A two-hour drive due west of Lake Park on GA-94 is the Okefenokee National Wildlife Refuge. Within the Refuge’s 402,000 acres — the largest U.S. wildlife refuge east of the Mississippi River — is one of the largest freshwater ecosystems in the world.

The refuge was created in 1937 to protect this diverse and beautiful habitat and is visited by 400,000 people a year. The Okefenokee was at one time on the ocean’s floor and is now a broad depression that is a vast bog. In some places, the peat deposits are 15-feet thick and almost liquefied. The word Okefenokee is a native word meaning “land of the trembling earth.” When one stomps on the ground and makes the ground move, including causing trees and other vegetation to shiver, the name becomes obvious.

The vast amount of decaying plants in the swamp release tannic acid into the meandering waters that eventually coalesce into the Suwannee and St. Mary’s rivers. This gives the water it brownish hue and provides the foundation of the rich ecosystem that is the Okefenokee.

A wide range of amphibians and reptiles — alligators being the most famous — are found here, along with a wide variety of birds (herons, egrets, cranes, ducks, and raptors) and mammals (mink, opossums, beavers, bobcats, white-tailed deer, and black bears).

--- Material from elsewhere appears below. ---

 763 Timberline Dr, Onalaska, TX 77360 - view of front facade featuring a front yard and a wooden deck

The Refuge includes the Swamp Island Drive, a 9-mile driving route that can also be biked or walked. There are numerous smaller walking trails and wildlife viewing spots that lead from this main transportation route.

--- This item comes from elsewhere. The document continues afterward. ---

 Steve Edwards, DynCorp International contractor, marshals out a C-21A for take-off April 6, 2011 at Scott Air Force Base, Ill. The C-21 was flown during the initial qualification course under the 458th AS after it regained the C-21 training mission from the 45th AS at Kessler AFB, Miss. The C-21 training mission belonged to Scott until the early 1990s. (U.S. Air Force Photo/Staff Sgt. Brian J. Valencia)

There are also a wealth of boating and canoeing options available. Boating trails within the Refuge are open to the public, while guided boat tours are also available from private companies in nearby Folkston, the town nearest the entrance to the Refuge. Fishing is, of course, another popular activity.

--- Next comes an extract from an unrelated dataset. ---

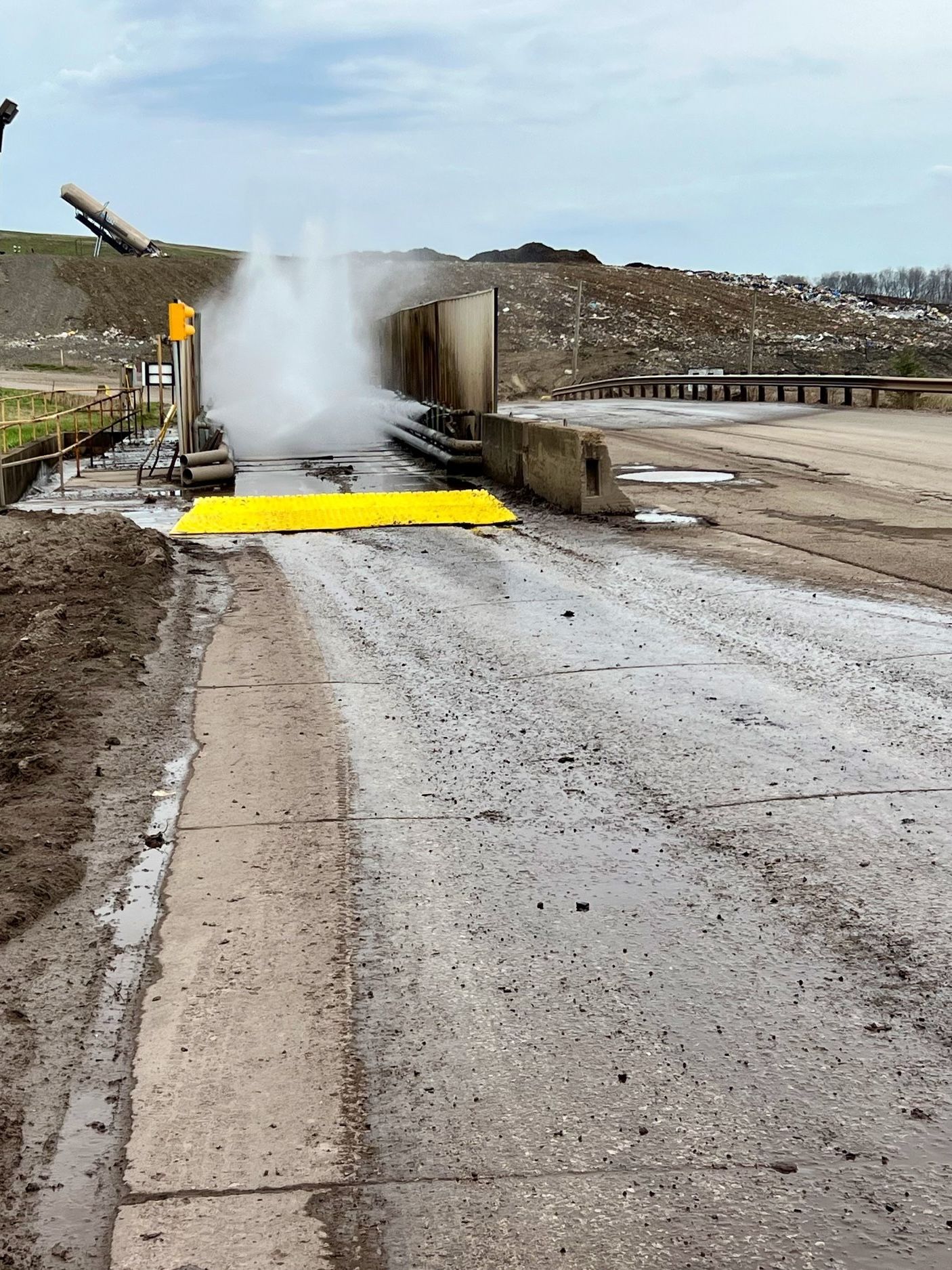 FODS Construction Entrance Exit TC-1 Trackout Control System Installed With Wheel Wash System On Paved Roadway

Inhabited since at least 2,500 B.C. by Native Americans of the Deptford, Swift Creek, and Weeden Island cultures, the last Native Americans who occupied the swamp were the Seminoles. They were driven out of the area in the aftermath of the Second Seminole War (1838–1842).

Since then the swamp has been sparsely populated, though there have been failed attempts to drain the area for rice, sugar cane, and cotton growing and there have been periods of heavy logging. The Okefenokee Preservation Society was formed in 1918 and began efforts to preserve and protect this remarkable and unique ecosystem.